The visualization at the top of this page encodes the collaboration's full history: Jon as progenitor of v9, the governance circle with black node borders, contributors in green, scientists invited in amber, those unavailable in red, candidates in gray. Hover over any node and an info panel appears — name, role, affiliation, contribution, date joined. The network graph is itself an artifact of the process it documents — generated by the same AI-human collaboration it depicts, and updated as the collaboration evolves.
The traditional model of scientific publication is solitary to a fault: one or a few authors, years of work, peer review as the sole quality gate, publication as the moment of release. The social infrastructure that actually determines what gets read and cited — who knows whom, who endorses, who amplifies — is invisible and inaccessible to outsiders.

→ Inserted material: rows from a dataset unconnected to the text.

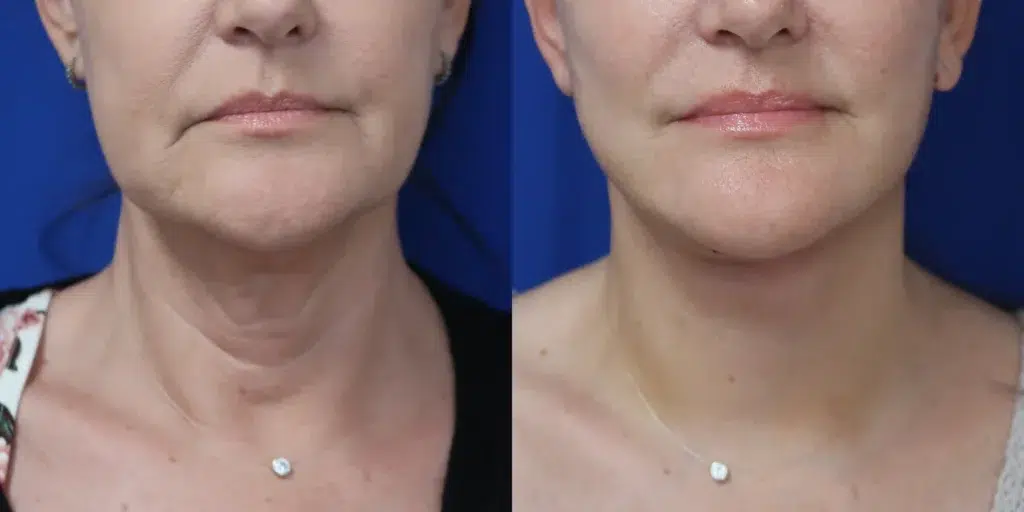 faceology lift neck lift before and after photo by faceology md in newport beach ca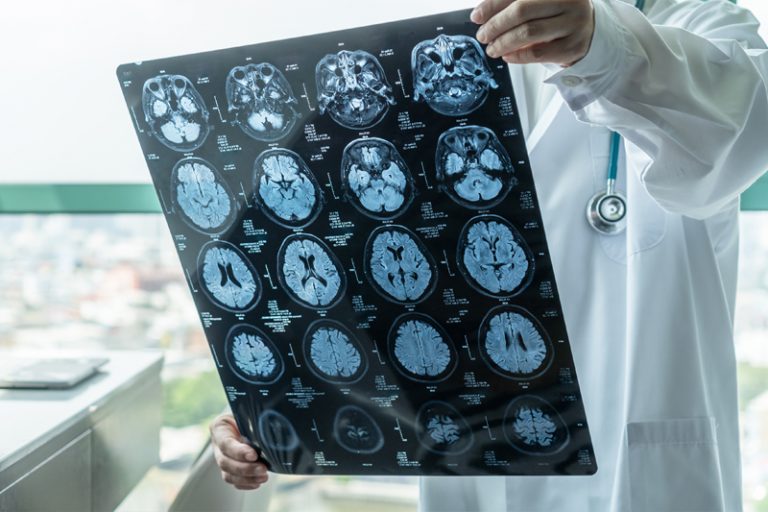 眼眉跳-面部抽搐-診斷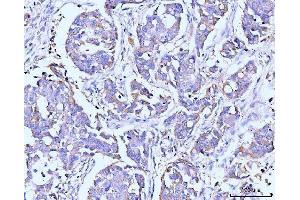 IHC analysis of ITCH/AIP4 using anti-ITCH/AIP4 antibody (ABIN7600263). (ITCH anticorps  (AA 17-358))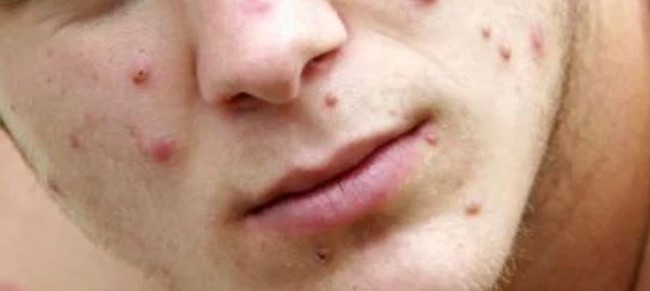 Назвали основной путь передачи оспы обезьян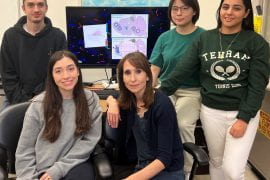 UCI researchers discover crucial role of brain’s striatum cilia in time perception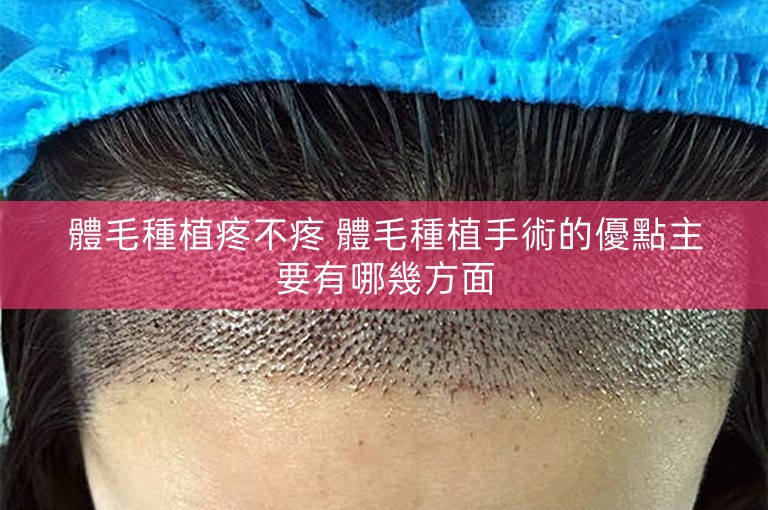 體毛種植疼不疼 體毛種植手術的優點主要有哪幾方面 體毛種植疼不疼 體毛種植手術的優點主要有哪幾方面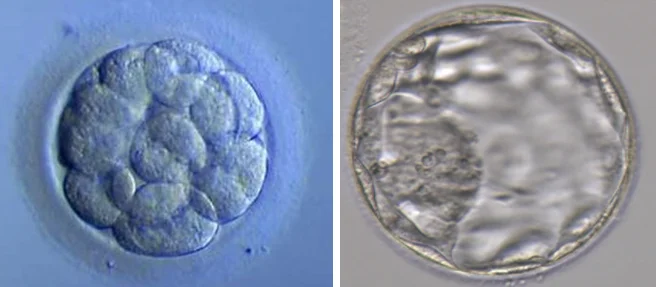 Embriões 2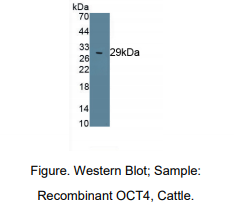 https://msimg.bioon.com/bionline/goods-no-pic.png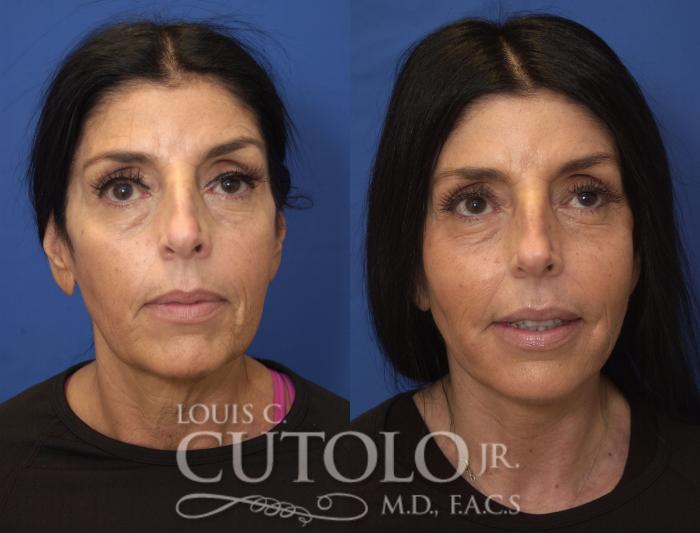 Before & After Rejuvelift™ Case 244 Front View in Brooklyn, Staten Island, Queens, NY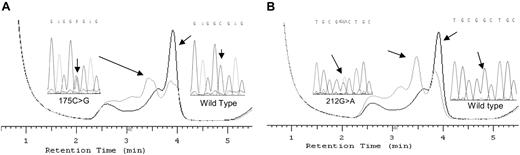 Figure 1. DHPLC elution profiles for the HAMP g175G>C sequence alteration and g212G>A sequence variation compared with wild-type homozygous DNA and the respective sequences. Panel A displays the overlay of chromatograms showing HAMP g175G>C sequence alteration and wild type and the respective sequences. Panel B shows the second alteration profile of HAMP g212G>A and sequences.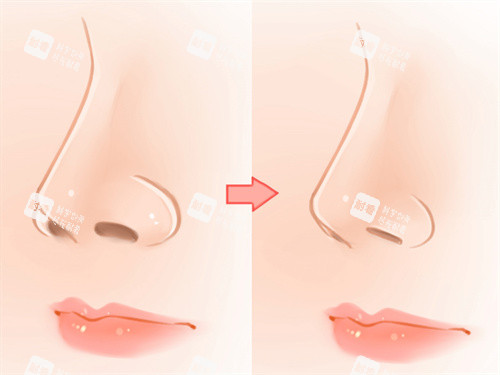 鼻尖矫正前后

Cooling Climate Quickly is running a different experiment. The paper is being built in public (within a permissioned circle), with its governance structure documented, its contributor history visible, and its process archived. The making-of document you are reading is itself part of the artifact. So is the network graph at the top of this page.

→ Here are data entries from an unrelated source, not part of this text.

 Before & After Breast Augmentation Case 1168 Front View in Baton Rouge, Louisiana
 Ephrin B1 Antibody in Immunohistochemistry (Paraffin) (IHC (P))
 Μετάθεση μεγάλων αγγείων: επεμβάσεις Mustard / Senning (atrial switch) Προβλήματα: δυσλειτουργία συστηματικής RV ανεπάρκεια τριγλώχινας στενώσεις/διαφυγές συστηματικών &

Several features of this process are worth naming as lessons, not just observations:
The paper argues that ecosystem restoration can cool the climate faster than carbon accounting suggests. The process of making it demonstrates something adjacent: that AI-facilitated open science can assemble knowledge faster, more transparently, and with broader collaboration than the traditional model allows. Neither claim is proven yet. Both are under active investigation.
This archive documents the making of a paper that argues ecosystem restoration can cool the climate faster than carbon accounting suggests. The process of making it was itself a demonstration of the thesis: that collaboration — between human judgment and AI capability, between strategic vision and technical execution — produces results neither could achieve alone.